Freelance Traveller - Traveller By The Byte - Vilani Speech Synthesis with SSML

Vilani Speech Synthesis with SSML

by Jeff Zeitlin

This article originally appeared in the September/October 2019 issue.

Author’s Note: In this article, “Windows PowerShell” refers to the version of PowerShell distributed with/as part of Windows 7 or later, or which is included with the Windows Management Framework updated for those versions. “PowerShell Core” refers to those versions of PowerShell other than Windows PowerShell. “PowerShell”, not otherwise specified, refers to both Windows PowerShell and PowerShell Core.

This article makes significant use of the IPA characters in Unicode. Your browser should use a font for monospaced text that includes these characters; on Windows systems, both Courier New and Andale Mono will work.

All code from this article can be downloaded from https://www.freelancetraveller.com/infocenter/software/ssml.zip

If you’ve got a Windows computer (Windows 7 or later), your computer can talk pretty easily:

Start up a Windows PowerShell session—it doesn’t matter whether you use the ISE or the console version of Windows PowerShell—and type the code in listing 1 at the prompt.


		# Listing 1: Basic Speech Commands (Windows PowerShell)
		Add-Type -AssemblyName System.Speech

		$voice = New-Object -TypeName System.Speech.Synthesis.SpeechSynthesizer

		$voice.Speak("Good day, ladies and gentlemen")

The voice quality is pretty good, although the intonation is somewhat mechanical—the result actually sounds better than the voice from Stephen Hawking’s voder, though the rhythm and intonation is similar.

Other systems (e.g., Macintosh or Linux) have their own speech synthesis (sometimes called TTS—text-to-speech) systems, which may or may not be accessible from PowerShell Core on those systems. You will need to consult the documentation for your operating system and TTS software.

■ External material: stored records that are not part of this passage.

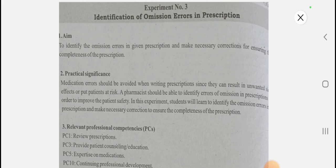Previously we had seen experiment number two, which is legal compliance of the prescription, along with its observation table and question-and-answer discussion. Experiment number three is the identification of omission errors in a prescription. Kindly check the playlist of community pharmacy and management practicals, and the theory lectures are also available under that playlist — very helpful for your viva.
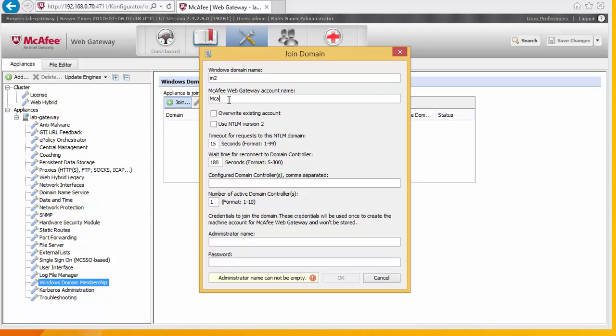The AD account is going to be used to communicate. Here we need to list our domain controllers. In our lab environment, we only have one. That's labec.into.lab, fully qualified.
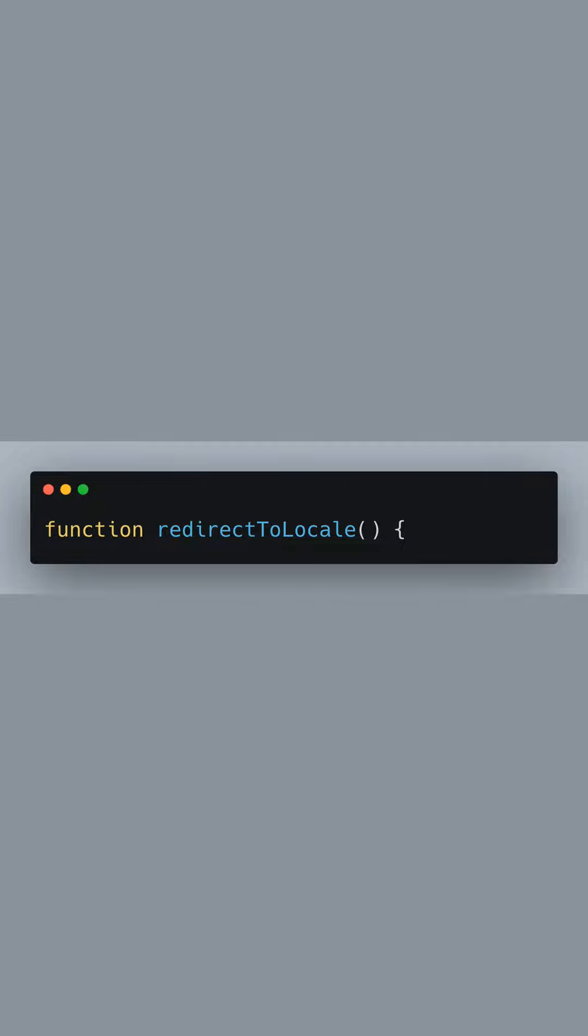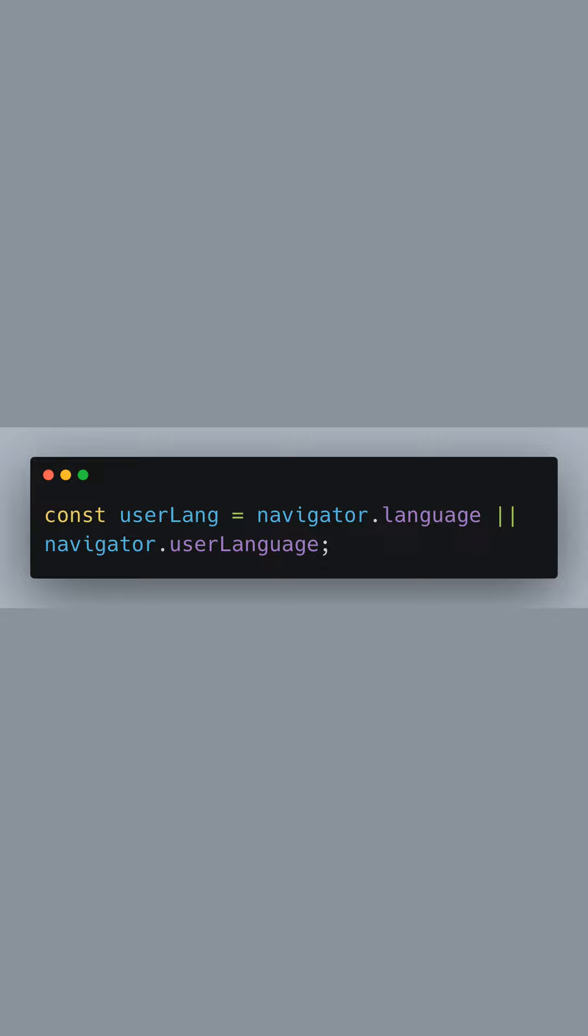We start by declaring the function RedirectToLocale which will contain all our redirection logic. Inside the function, we first retrieve the user's preferred language. The NavigatorLanguage property returns the browser's language settings. We also use NavigatorUserLanguage as a fallback for older Internet Explorer versions.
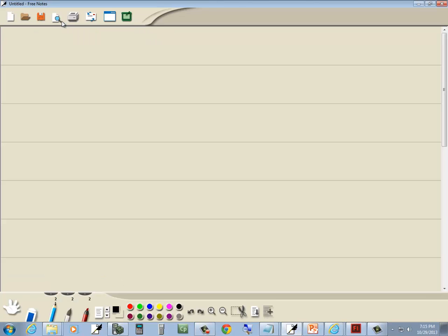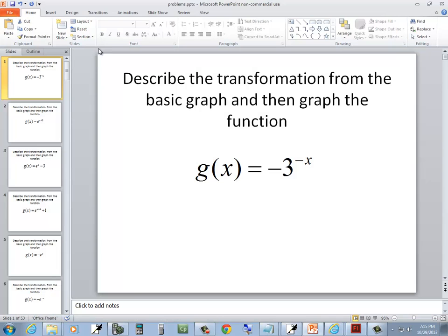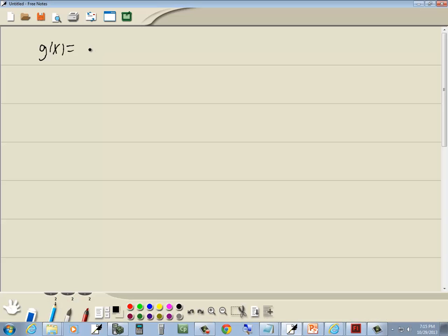So we've got g of x. I'll get my pen to work here. g of x is equal to negative 3 to the negative x power.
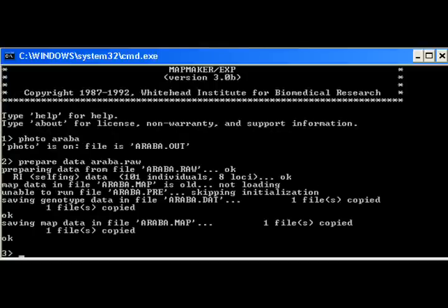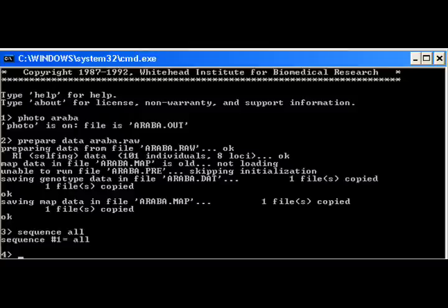Prepare data command prepares the data in the arab.ro file for analysis. Sequential command tells the Mapmaker to analyze all the loci.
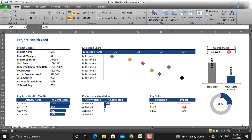Hello and welcome again. In our previous videos we have talked about different types of project dashboards and how to prepare them using Microsoft Excel. In this video we will talk about a specific aspect of project dashboards in Microsoft Excel, which is the signal lights.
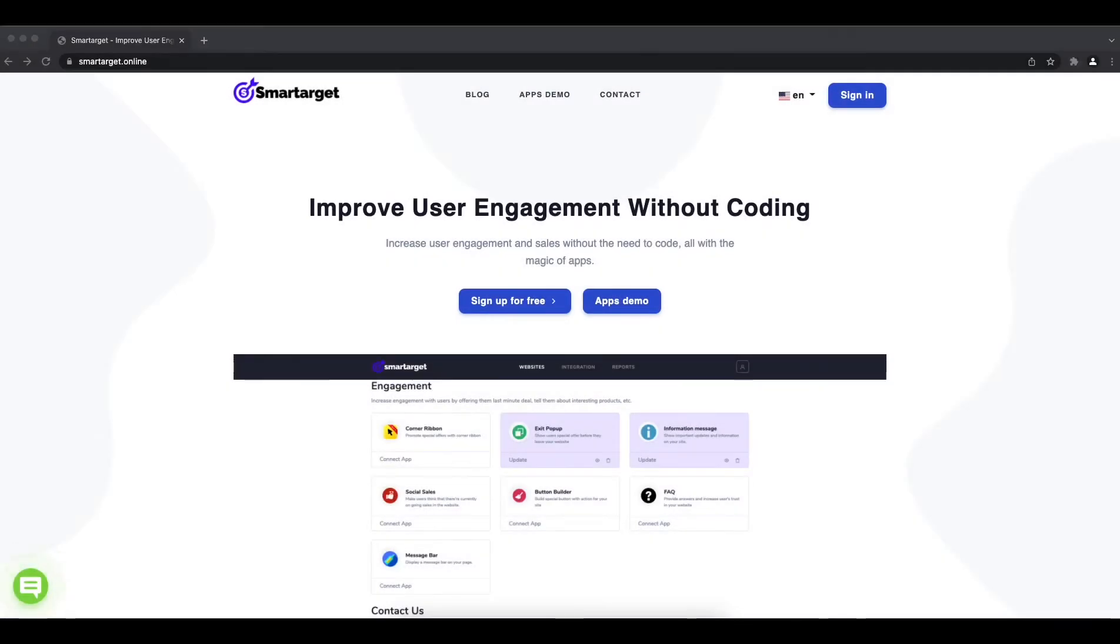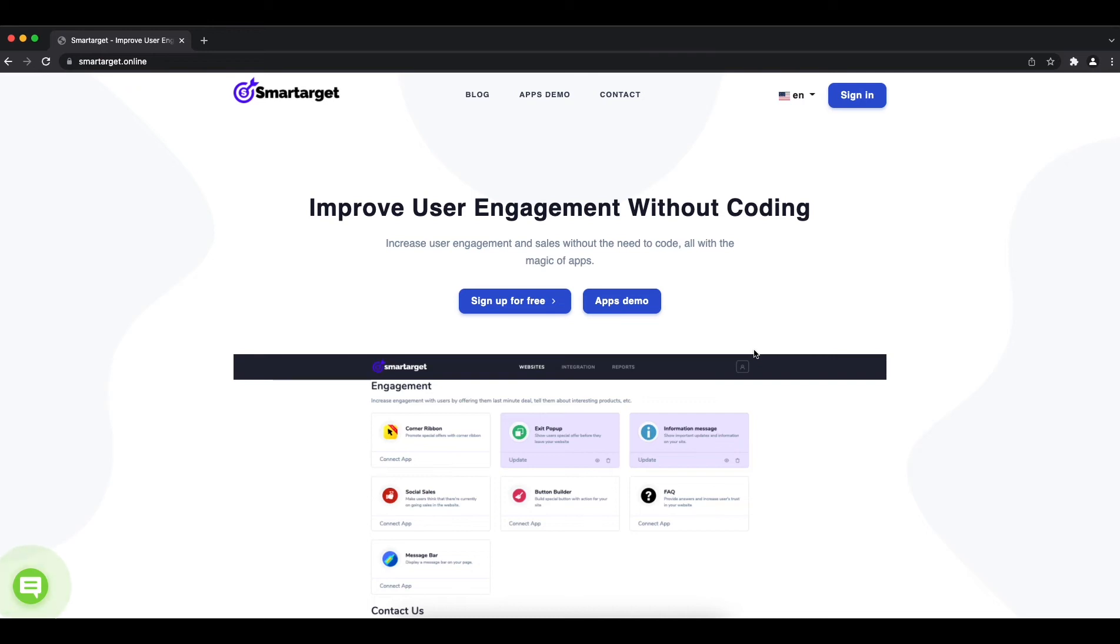Welcome to the tutorial which explains how to add FAQ app to your Shogun website by using SmartTarget. It takes less than two minutes and it's completely free. Let's start.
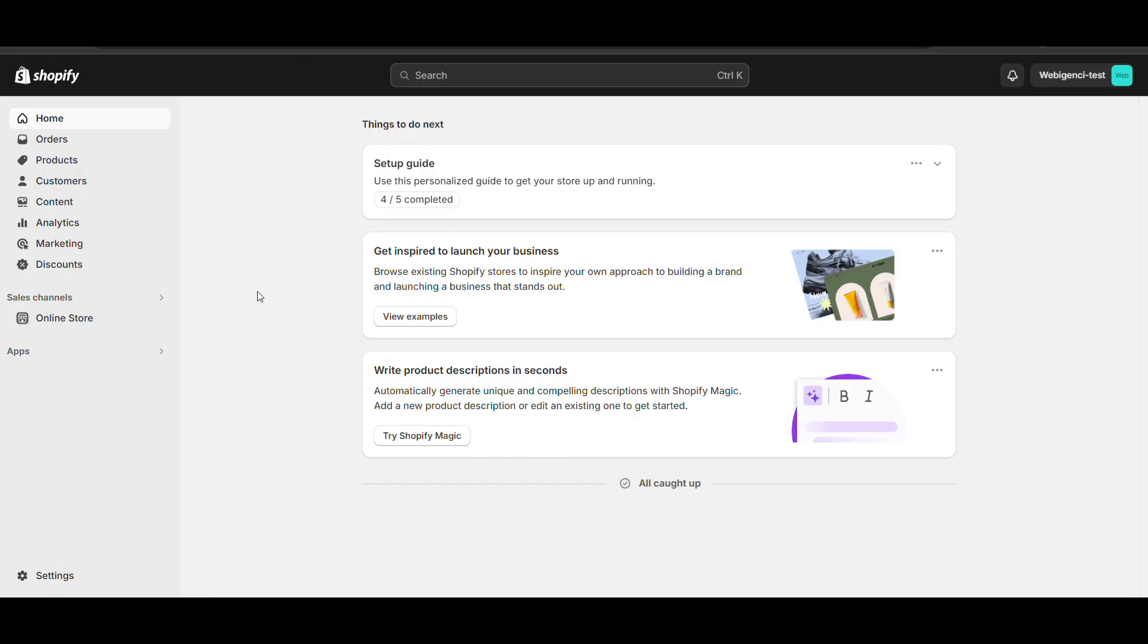In this video we will see how to show price including tax in your Shopify website. By default, when you go to your Shopify, this is my admin dashboard. I will go to my Shopify website.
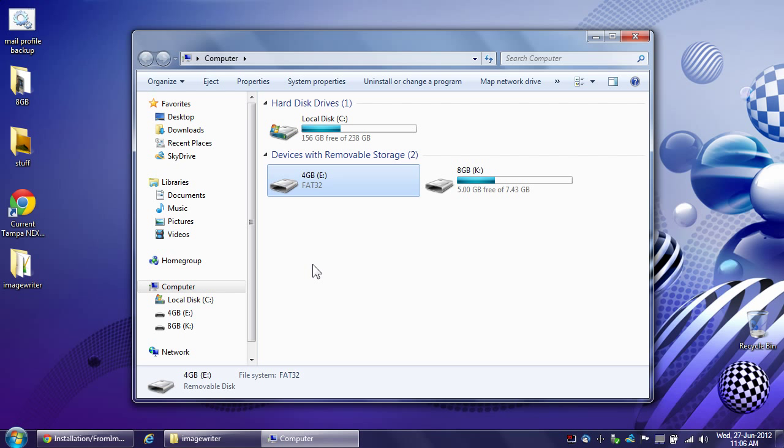So but when I reboot and I'm done using it, like I said, I can format it and then I can use it in Windows again. So there you go, that's what happens.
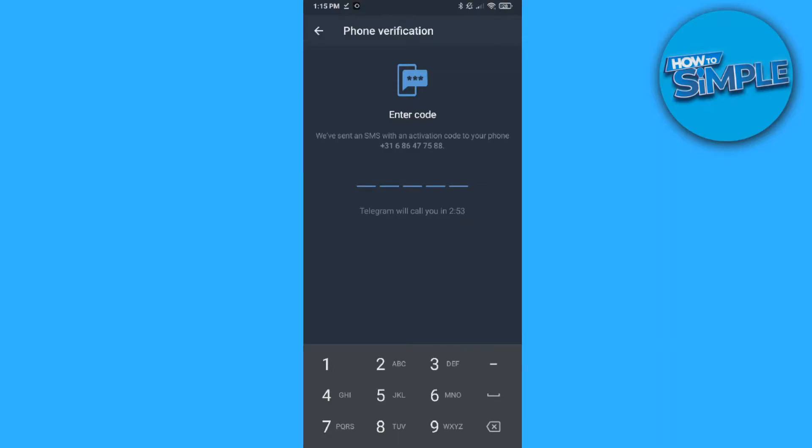Hi guys, in this video I'm going to show you step by step how to fix the problem that the Telegram verification or confirmation code does not come up. So they say we've sent an SMS with an activation code to activate your Telegram account, as you can see right here, but you're not getting it.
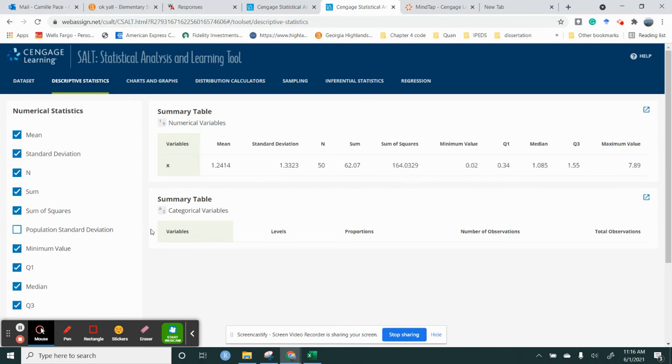And it wanted to know the range. So remember, all the range is, is your maximum value minus your minimum value, and that's how you get the range.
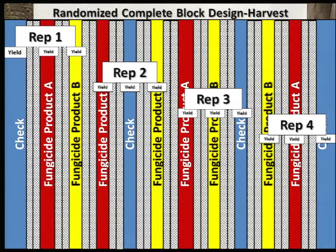Once the yields from each treatment in each rep have been harvested, you can go back and harvest the buffer strips. When possible, plan the width of the buffer strips to help facilitate harvest. If buffer strips weren't used in a study, you would harvest each treatment comparison strip for each rep. Be sure not to take yields for two treatments in one pass with the combine. Once you have your data collected, it's important to know what difference the treatment truly made in comparison to the untreated check. Statistical analysis can help with that — be sure to see our video on statistical analysis as well.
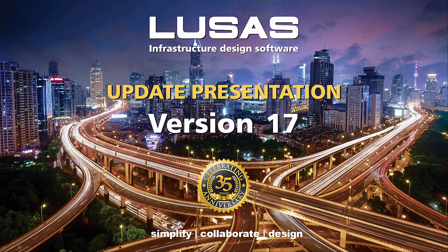This presentation is to introduce some of the new features of Lucis version 17 and it's intended for viewers who are already familiar with the general capabilities of Lucis.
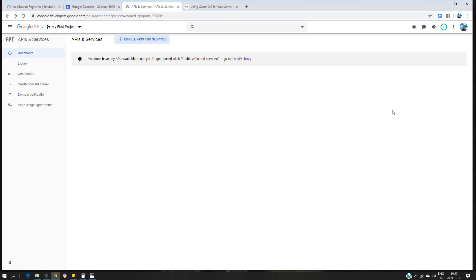In this video I'd like to show you how to do the integration between ServiceNow and Google Calendar. ServiceNow is going to be our client and Google is going to be our service provider. We are going to access the Google Calendar API in order to create an event from ServiceNow. I'm going to send a REST message and create an event in my personal calendar — that's going to be the end of the video.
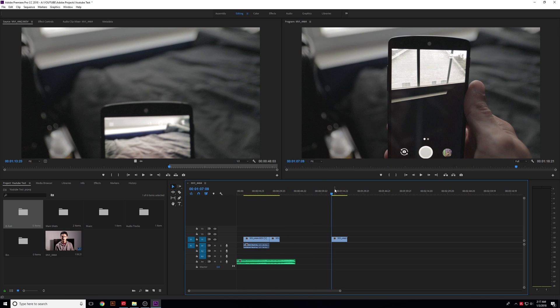Now that we've learned how to cut video, go ahead and do that a few times to get used to it and comfortable with the shortcuts. Once you're comfortable, let's go ahead and move on to the next video.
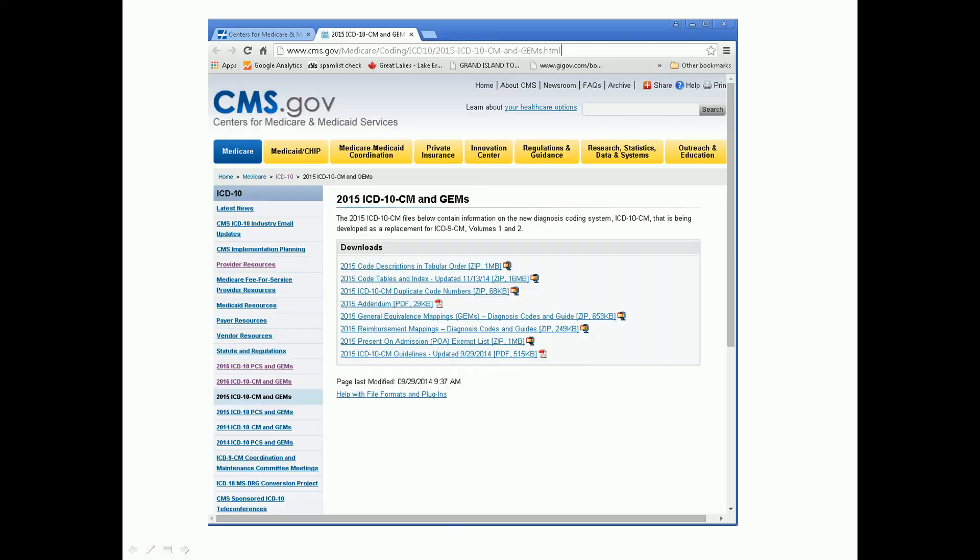Before we go into the demo, I do want to point our viewers over to the CMS website that has lots of resources on using the gems and the reimbursement maps and the pros and cons and when you should and when you shouldn't. I would encourage everybody if you're not already familiar with this to please go and familiarize yourself.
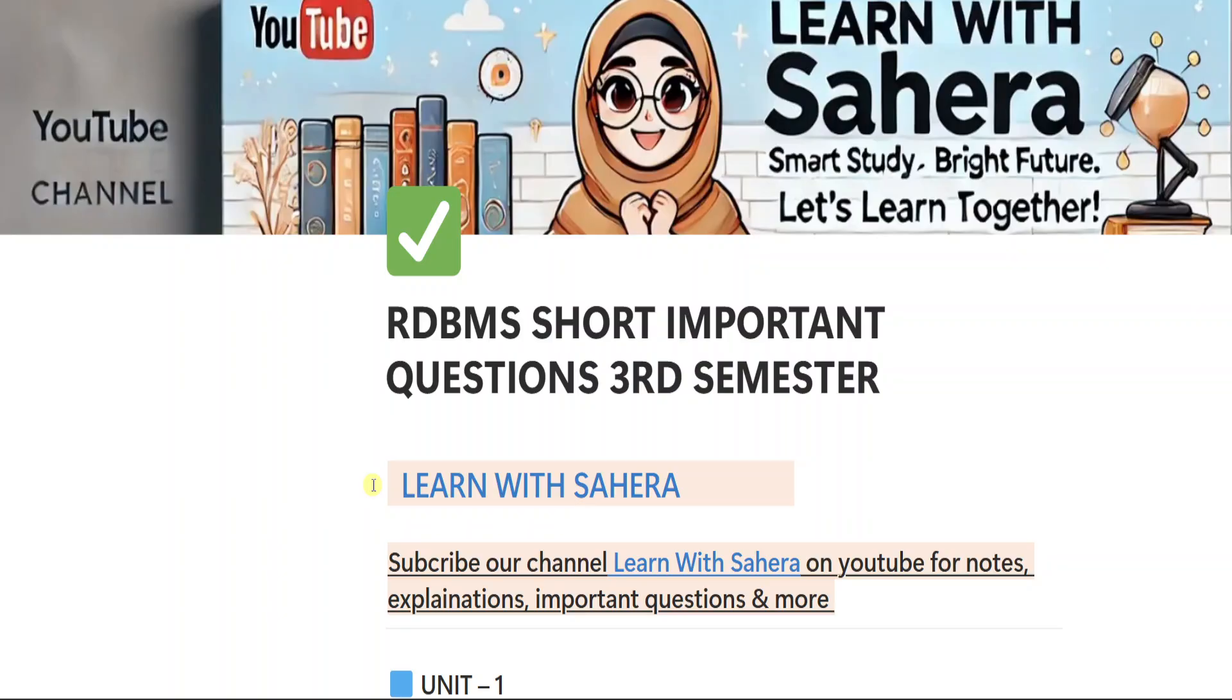So first, go and watch that long important questions video completely, then come back and watch this short questions video because the long questions will give you complete understanding and the short questions will help you with quick revision and two marks answers. The link to the long important questions video is available in this video description box. So don't forget to check it out first before continuing here.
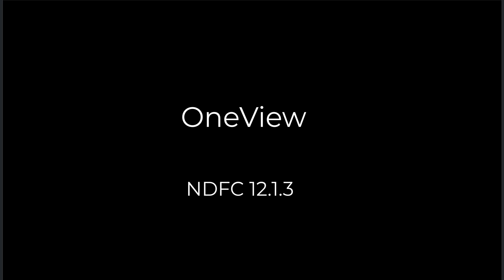This video shows the new feature OneView, available with NDFC 12.1.3.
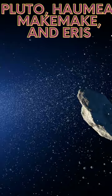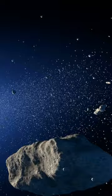These bodies are thought to be remnants from the early solar system, and their composition and characteristics can provide insights into the formation and evolution of the outer solar system.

But even in Windows, it’s really only this simple if the text you use in the $voice.Speak(…) statement is in the language that your Windows system uses as the default user interface language—for me, US English. If you try to use text from a language whose orthographic conventions (that is, the way sounds are written) are significantly different from your system default language, you’ll get something that will sound badly wrong, and in fact you may even end up having part or all of your text spelled out. On my system, for example, trying to get the standard voice (for US English) to speak French has pretty horrible results. Trying to use the English TTS engine with a language that doesn’t even use the Latin alphabet (e.g., Russian, Hebrew, or Chinese) throws an error.

You can, of course, install additional voices for different languages, and in some languages, for different dialects or accents (for example, Windows has English voices for US, Canada, England, Ireland, Australia, and India) or both genders. If you’re willing to pay for third-party voices, you can even get children’s voices or elderly voices. I’ve installed other Microsoft (free, built-in to Windows) voices on my system, so if I wanted my computer to say something in French, I could enter the code in Listing 2.


		# Listing 2: Windows PowerShell Speaks French
		$voice.SelectVoice("Microsoft Hortense Desktop")

		$voice.Speak("Bonjour mesdames et messieurs")

Naturally, you can incorporate these statements into a script, and have complex “canned” dialogues, or you can write a script that reads your input and then speaks it.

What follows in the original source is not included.